They are, first, the problem which inheres in our union of States, with their wide divergence of climate, soil, industries, population, standards of action and ideals of national and local action.

The problem is this: what shall we decide is the measure of wise and useful division between the laws and conditions we shall make national in extent of social control and in practical functioning of political administration, and those of smaller autonomous units?
What shall belong to the Federal Government and make field for its activity?
What shall belong to the various States and make up their separate systems of law and administration?
And what shall be left to each locality, or each county of each State, for its own political activity?
These are not easy questions to answer, and the constant movement toward centralization of power, not only of standardization but of control in the National Government (a movement which received such an immense impetus during the war), is likely to make this a movable problem of differing answers as our nation grows older.

The division of States may give a geographical symbol of deep inherent differences of background of culture and even of race, or that division may mean only a superficial mark of geographic outline between two sets of communities alike in all their inheritance and tendency.

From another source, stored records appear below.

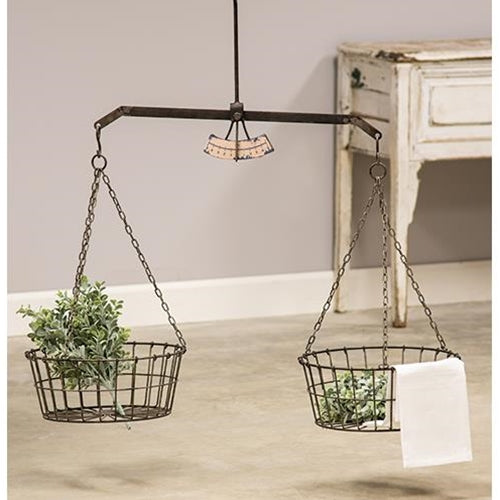 Vintage Hanging Scale with Two Wire Baskets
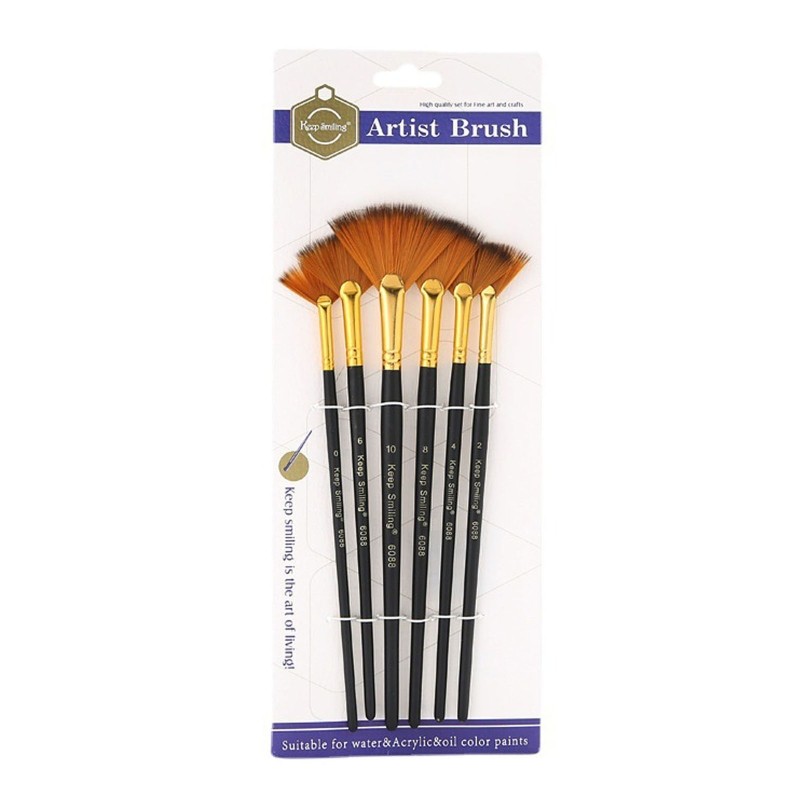 6pcs Art Paint Brushes Set Flexible Fan Shaped Acrylic Oil Watercolor Painting
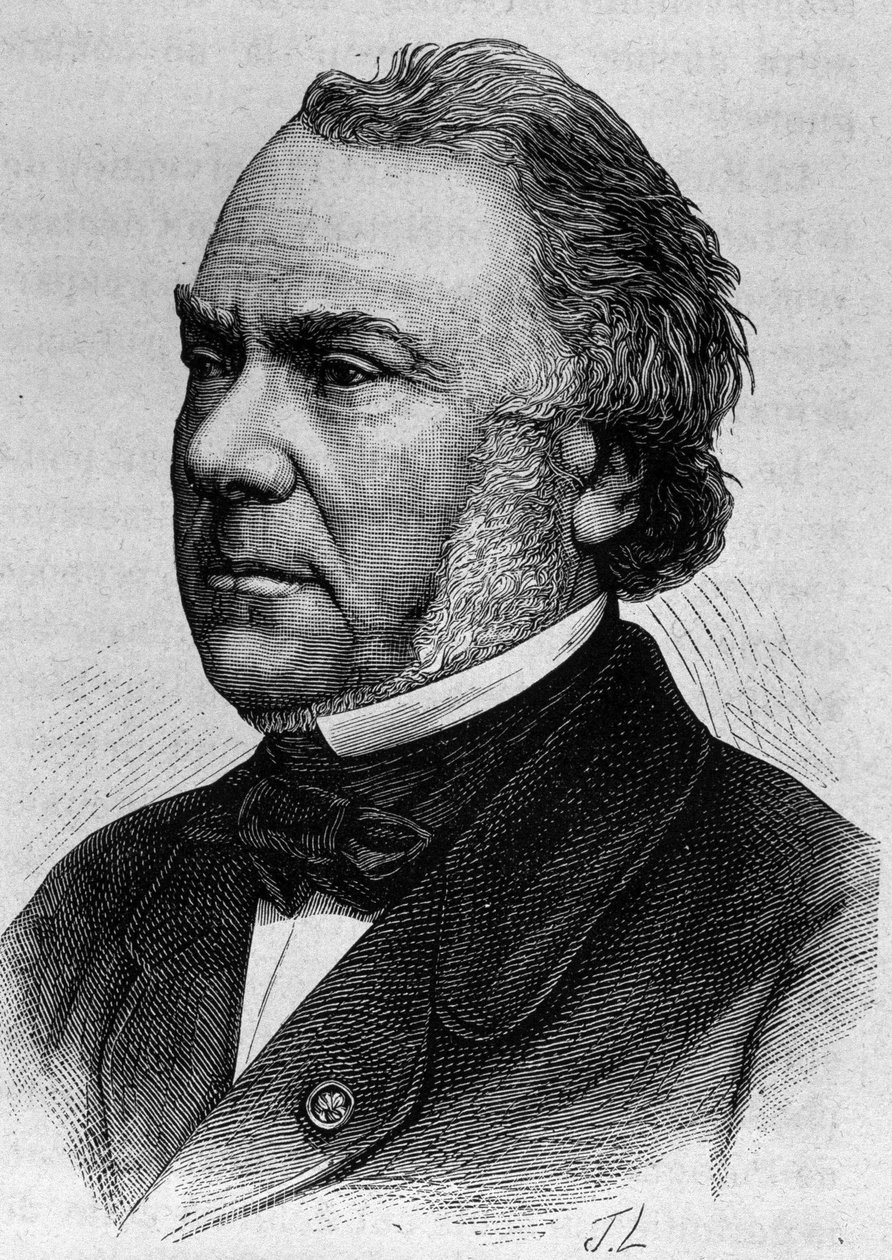 Portrait of Delangle. Engraving from the end of the 19th century in 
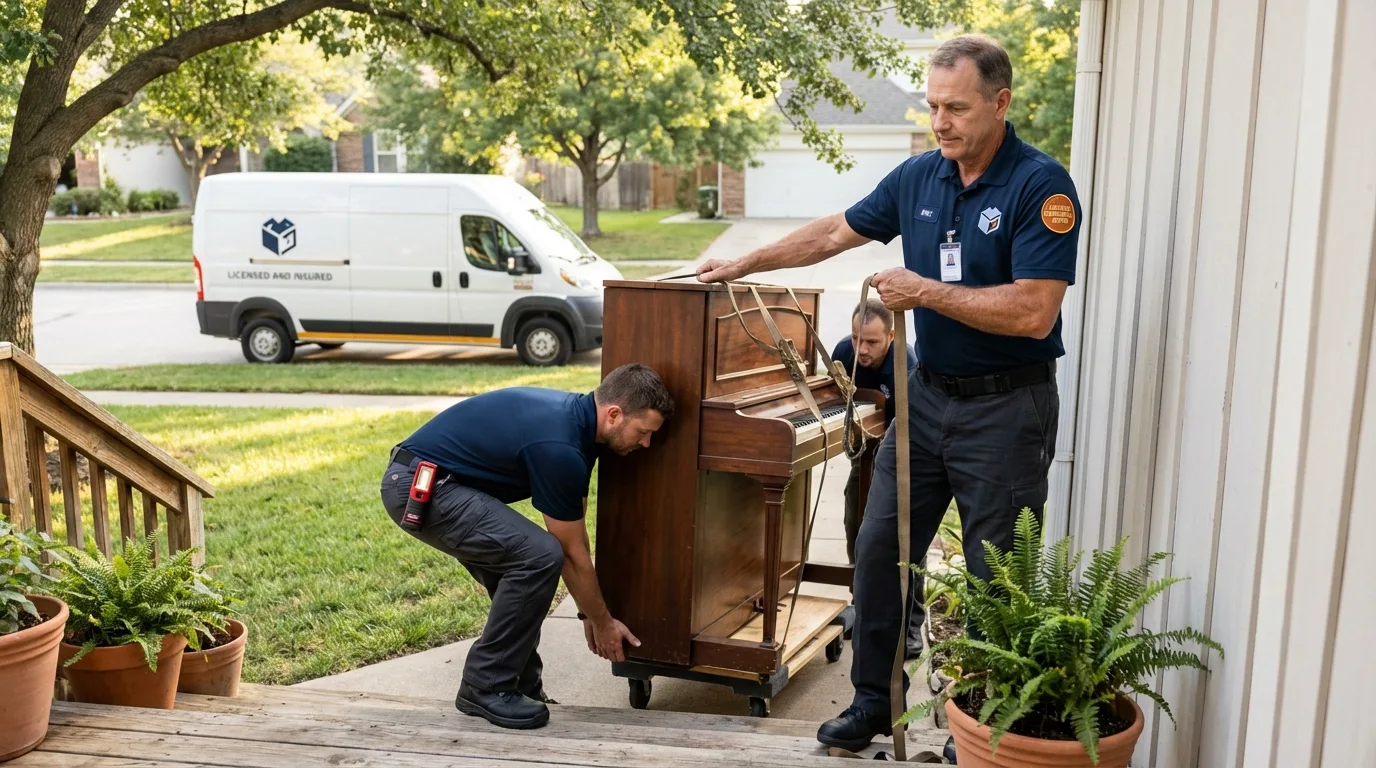 Licensed piano movers securing grand piano in Lewistown, PA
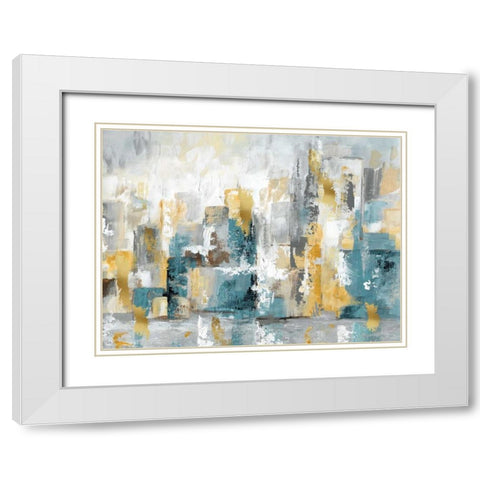 City Views I White Modern Wood Framed Art Print with Double Matting by Nan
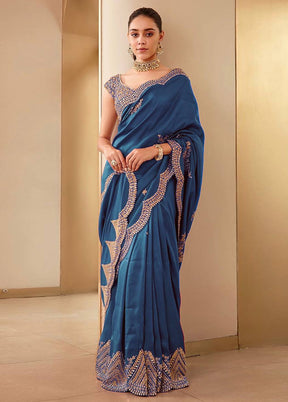 Teal Spun Silk Saree With Blouse Piece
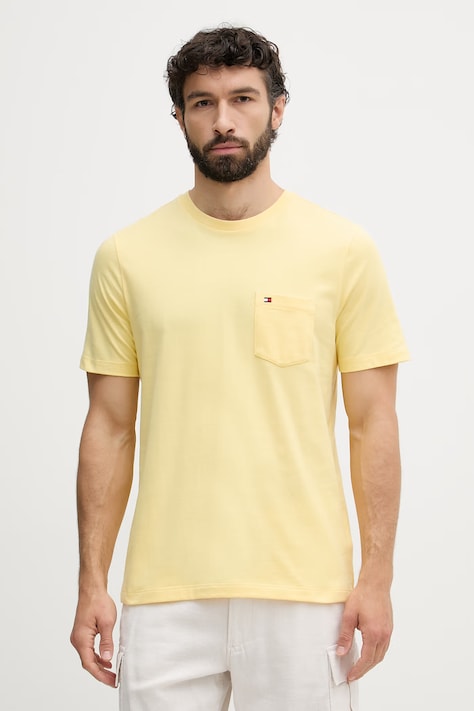 Tommy Hilfiger t-shirt férfi pamut sárga MW0MW37283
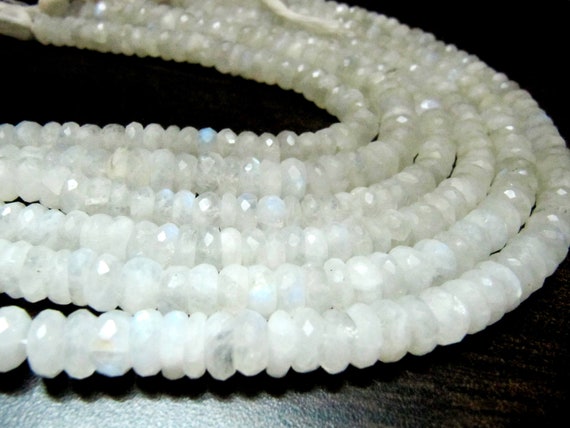 Natural White Rainbow Moonstone Rondelle Faceted Beads 9-10mm Strand 10 inches long Best Quality Blue Flashy Beads Wholesale Prices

In any case, how much weight shall still be attached to "States Rights," and how much shall we press for a uniform life throughout all the land?
What shall be the special duties of each local community toward its common needs of education, of recreation, of moral protection, and social order?
How much in any given place shall the tendency of neighbors to be unwilling to testify against each other when wrong-doing is practised, and unable to withstand any evil influence when near the centre of its working, lead us to unite in demanding a larger unit for the Juvenile Court or the enforcement of laws against commercialized vice or any other social concern where justice demands a free hand and no favor to any group?
These are questions with which some of our volunteer agencies of social work have wrestled.